Imagine that, analyzing thousands of potential failures in a few minutes. With that capability, a new class of questions can be asked and answered. Instead of simply asking what happens if, we can ask, what would be the worst-case scenario? What are the top-10 worst? How would you like to rate every potential equipment failure in order of importance to the company? Or analyzing the relative value of each of each vendor relationship to your company's mission. Modeling and simulation can tell us this.
This information goes a long way in helping you allocate limited resources for preparation and recovery. The reason behind such allocation decisions are now rational, and backed up by reproducible evidence. If you think this is pie in the sky, it's not. The technology is becoming accessible to do exactly this, and just in time.
Cloud computing appears to reduce our need to manage messy resources like physical computers requiring space, power, cooling and hardware technicians. But this only shifts these responsibilities to someone else, perhaps with more specialized skill and greater economies of scale. The threat of failure however, still exists and in many ways is more obscure, more likely to creep up on us.
If you've buried all your treasures on islands in the South Pacific, you'd better make a good treasure map to keep track of them. So as we deploy resources to the cloud, and outsource more services, we must be more explicit in documenting and analyzing their existence, use, and behaviors.

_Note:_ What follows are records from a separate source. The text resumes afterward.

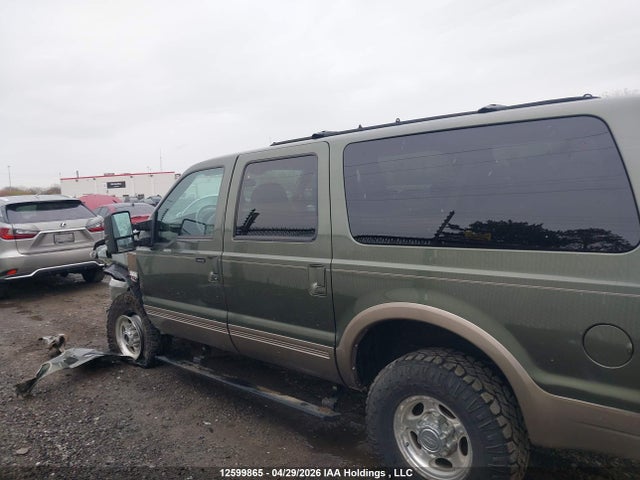 2000 Ford Excursion Limited მანქანა იყიდება აუქციონზე, vin: 1FMSU43F1YEB84895, აუქციონის ნომერი: 12599865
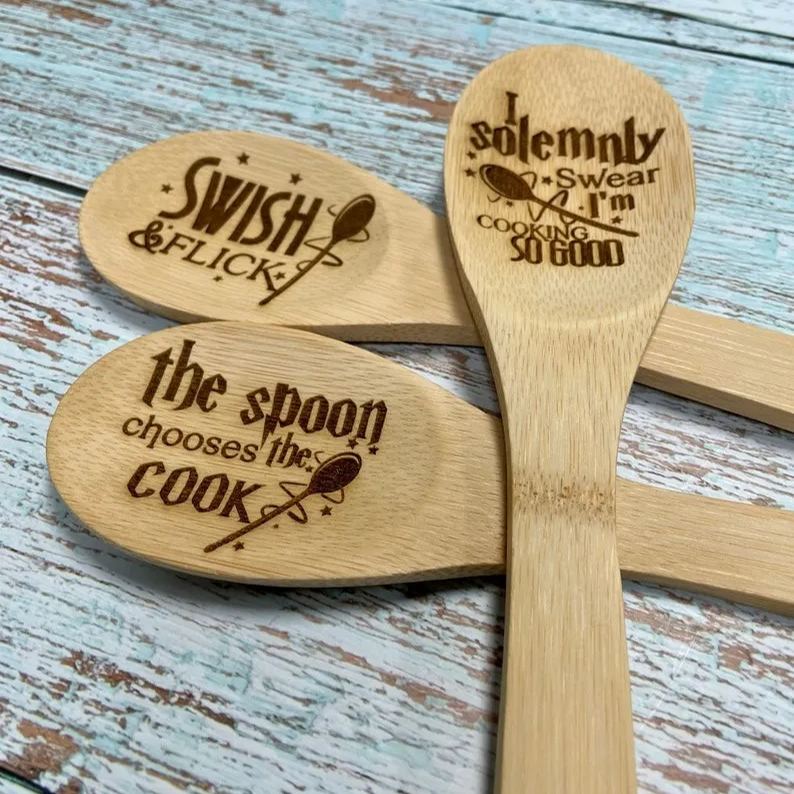 Wizard's Kitchen Spoons
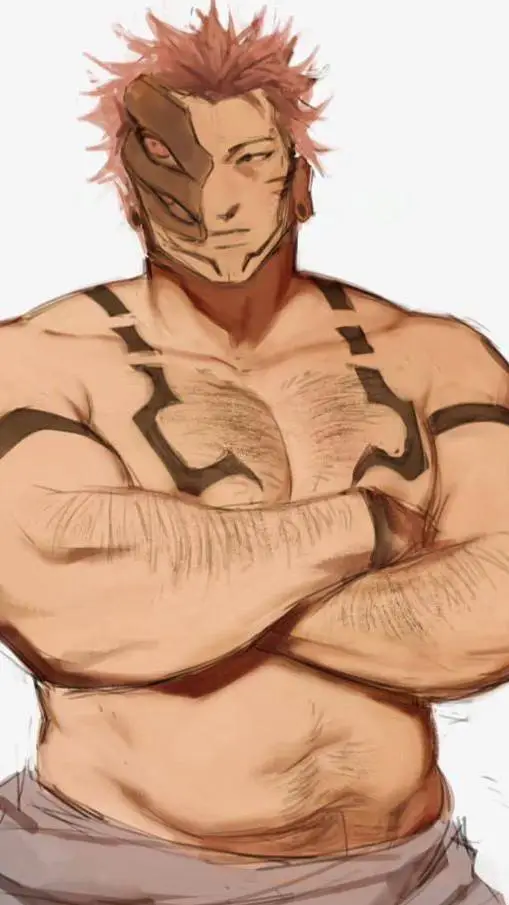 ai character: -SUKUNA- background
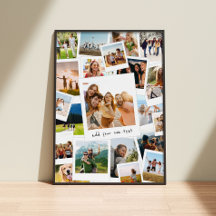 モダン写真スクラップブックフォトコラージュ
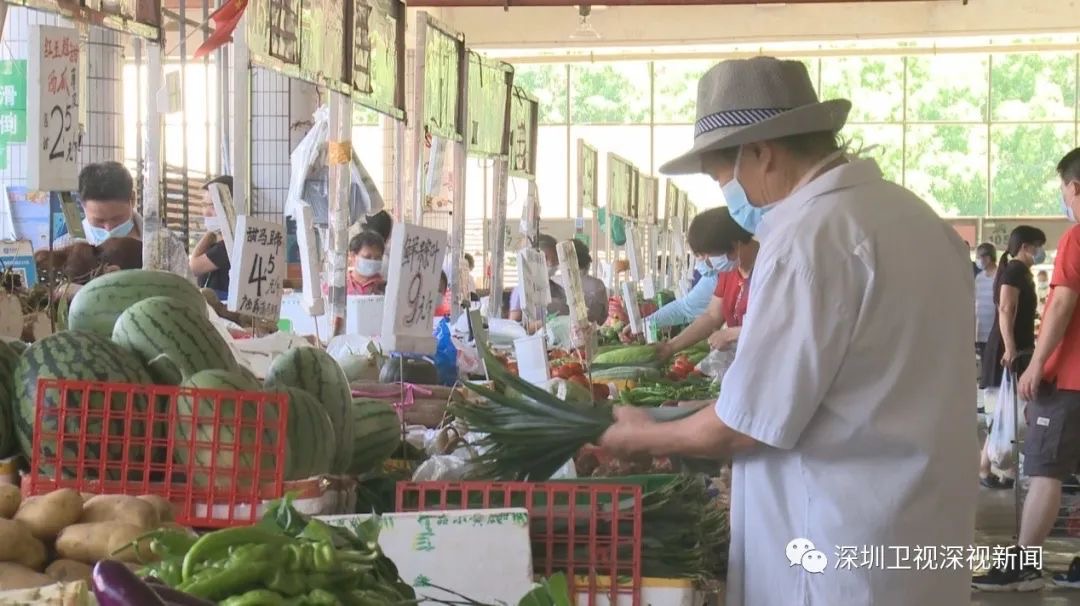 记者实探福田农批！防控升级，生鲜可溯可查！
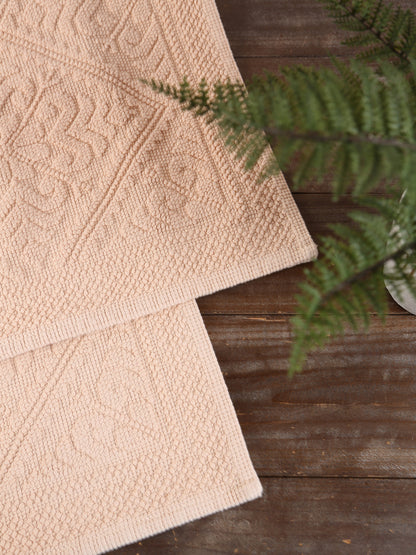 Enzo Bath Mat in Powder - 2 Sizes Available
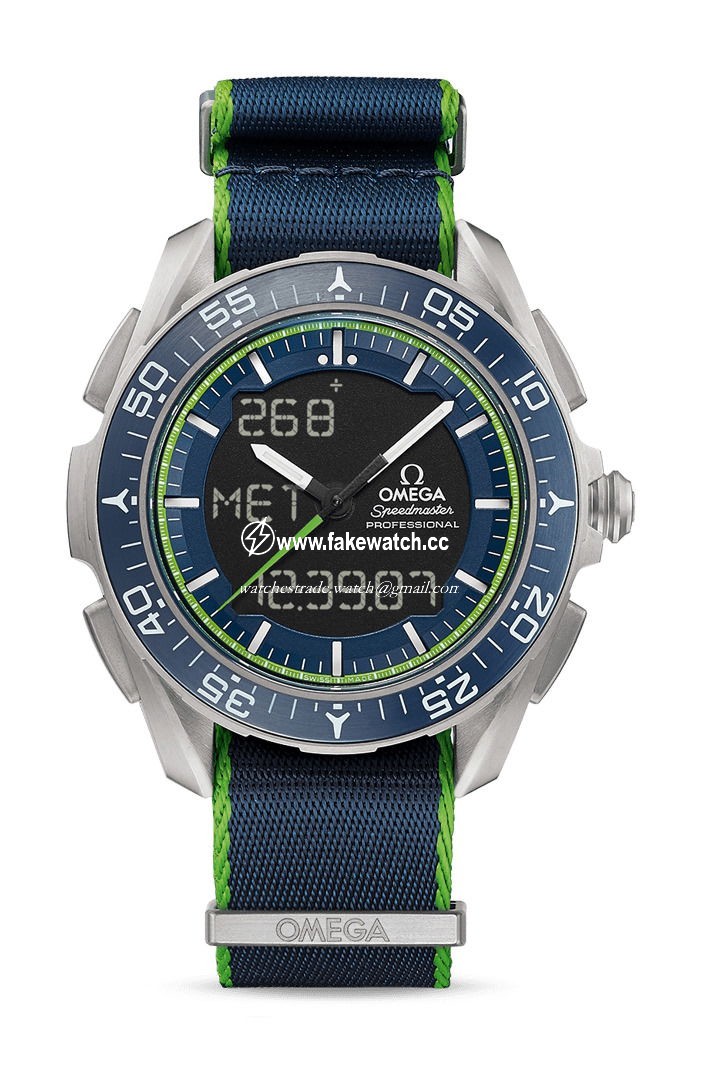 Omega Speedmaster Skywalker X-33 Chronograph 45 mm Solar Impulse Limited Edition 318.92.45.79.03.001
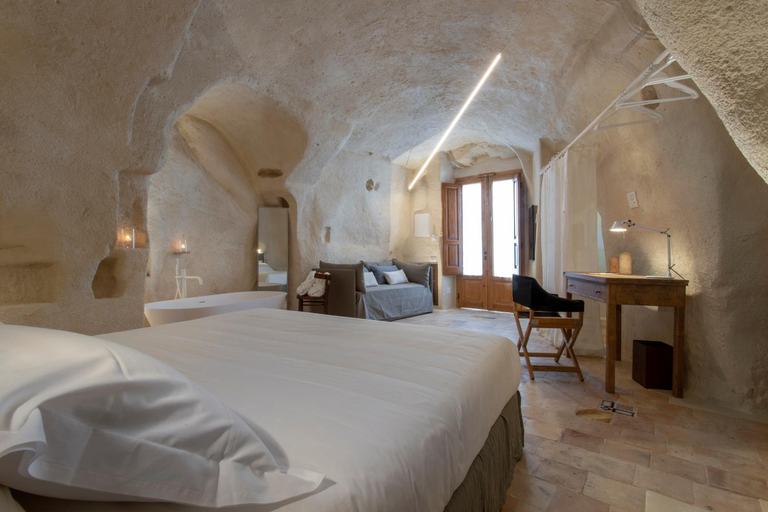 Bedroom 3, Conche Luxury Retreat, Matera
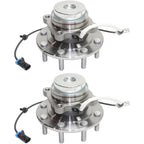 2X Wheel Hubs for Chevy Savana (2010–2023)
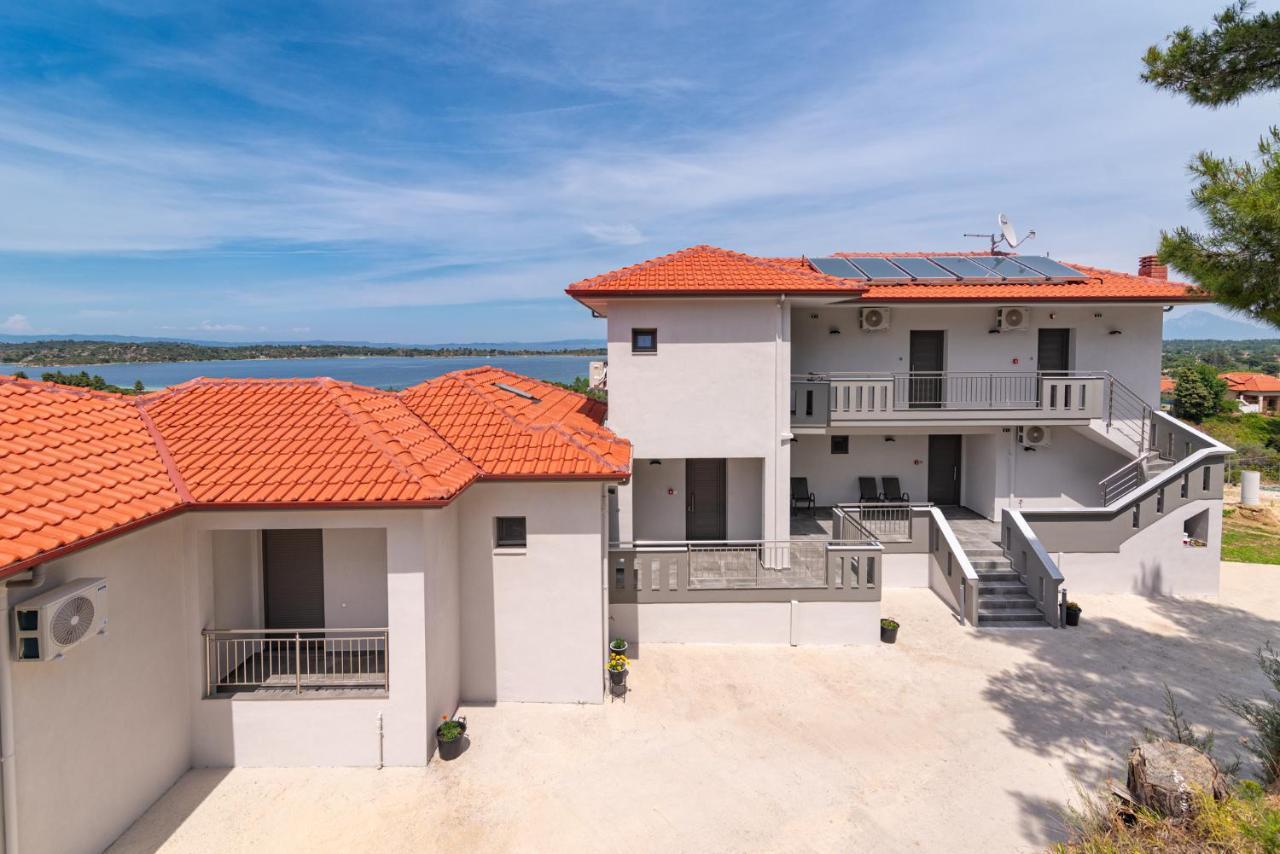 Thea Luxury Apartments Vourvourou Exteriör bild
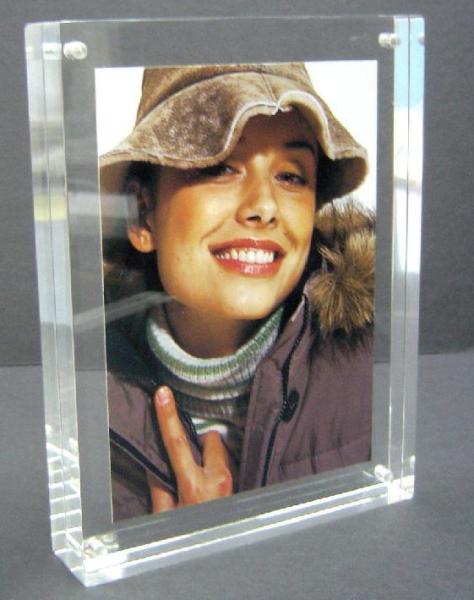 Quality crystal photo frame for sale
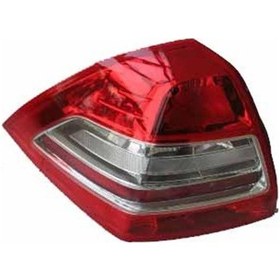 Resim Renault Megane- 2- 07/09 Stop Lambası Sol Taraf Kırmızı/beyaz Sedan Makyajlı Tip Mars 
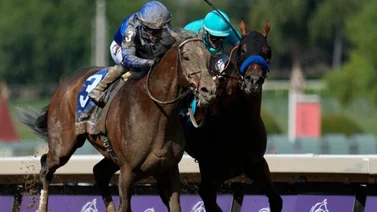 Junior Alvarado se anota su tercer Graded Stakes de 2024 en Estados Unidos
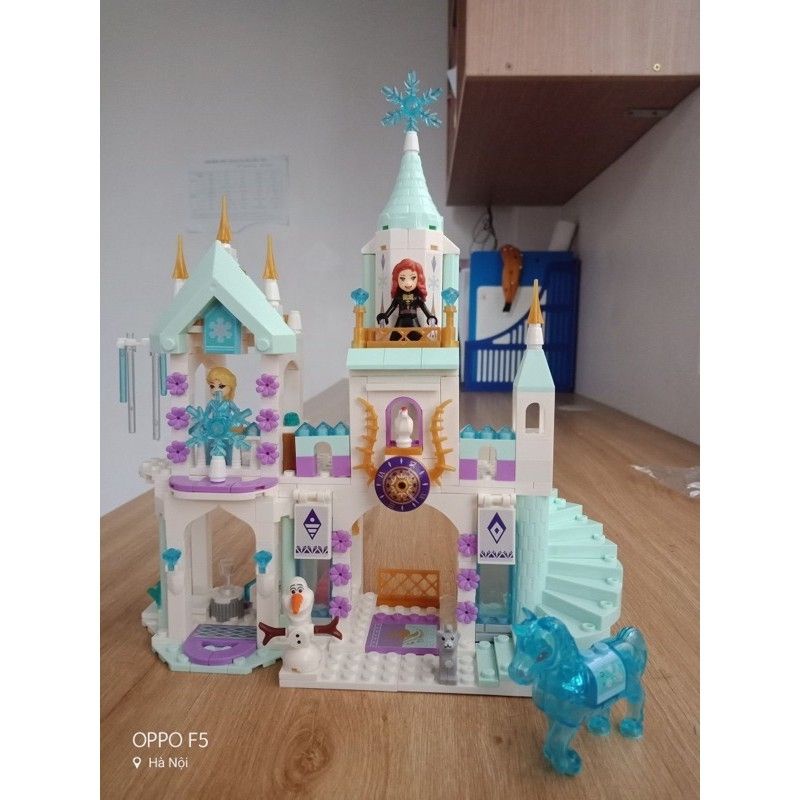 Lego con gái đồ chơi xếp hình con gái lắp ghép lâu đài công chúa với 360 miếng ghép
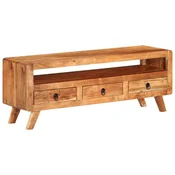 TV ormaric 110 x 30 x 40 cm od masivnog bagremovog drva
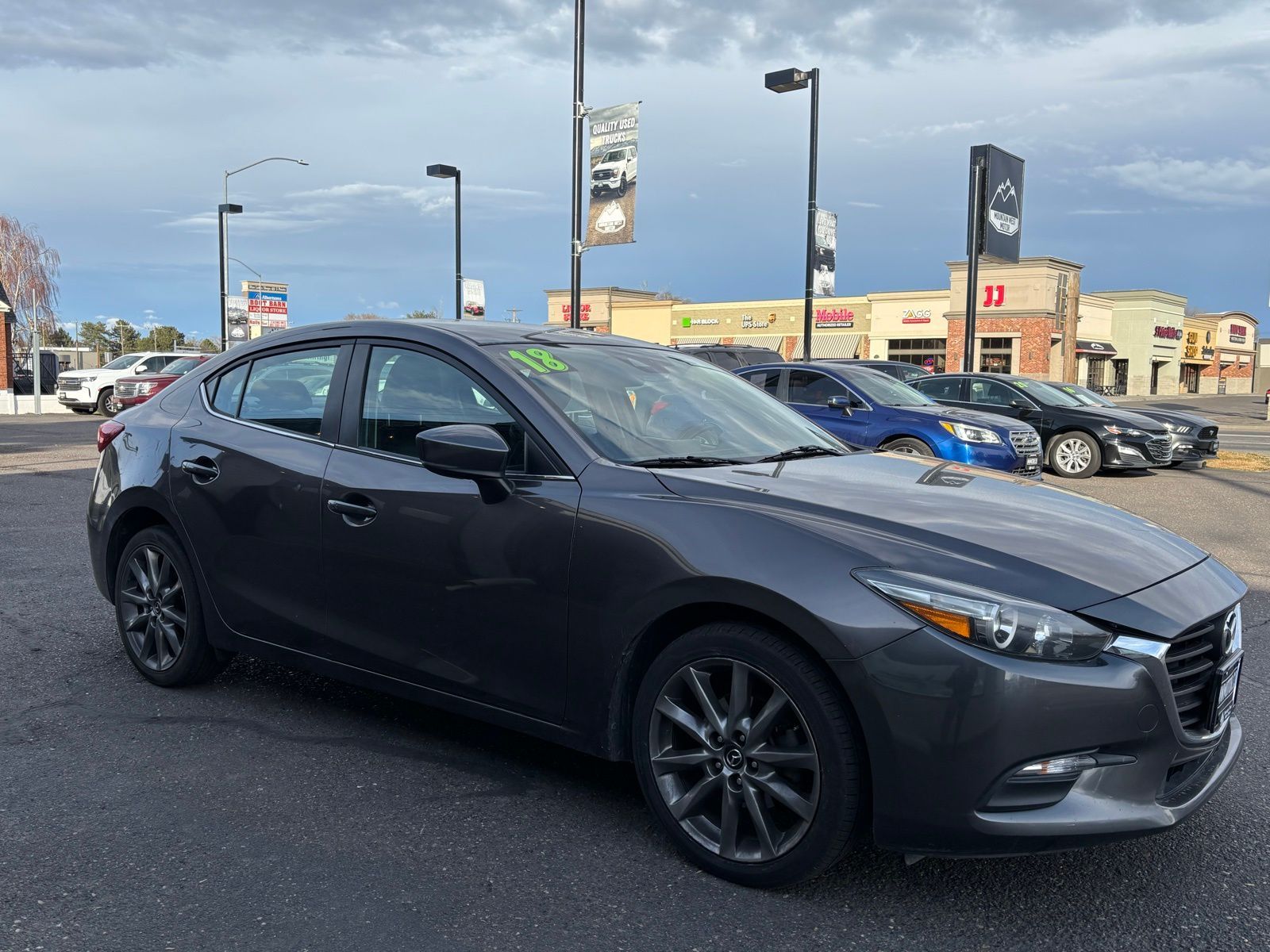 2018 Mazda Mazda3 Touring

If you have physical assets, your dependency model includes servers, switches, your datacenter, etc... If it's outsourced, that model includes network connections, access accounts, bill payment processes, and the vendor itself. The types of objects in the model change, but the problem remains. Instead of simulating a disk failure, you'll simulate the impact of not paying your bill, or of your vendor going out of business. Even missing a trivial $35 payment could down your business. It happened to Microsoft not once, but twice!
(Both Microsoft's passport.com in 1999 and hotmail.co.uk in 2003 domain registrations lapsed from non payment of renewal fees. Although only the passport.com event caused actual downtime, both events certainly didn't help their reputation.)
Modeling and simulation gives us a framework for collecting and using the knowledge we assemble about our companies. As we model the deployments and dependencies, we create excellent documentation assets in the form of diagrams detailing what needs what, and where it's located. We also produce the model which lets us answer questions like why is this server considered Tier 1, or why do we need a four-hour response time on that particular support contract? It's just a matter of connecting the dots, or more specifically the dependency relationships.
Such a sophisticated approach to understanding a business might seem like overkill for smaller companies. But you'd be amazed at how quickly the challenge of comprehending a company's dependencies become overwhelming without a good strategy for tackling it. In the not so distant past, before virtualization and Web technologies, the rate at which complex dependencies crept into use were limited by physical constraints like the time it takes to procure new hardware or the lag in approving and engaging a new vendor. Now change happens quickly. New operating systems are deployed in seconds, or migrated to other datacenters on the fly. Business is moving faster so the exposure to these dependencies is growing and constantly in flux. By modeling and simulating dependencies we give the BC/DR planning and response efforts new capabilities to protect business operations from the risks of failure.
Daniel Evenson is the CTO of Pathway Systems. Before that he was a Unix and security consultant and systems architect for several large corporations and government agencies. He is an expert in the modeling and simulation of complex information.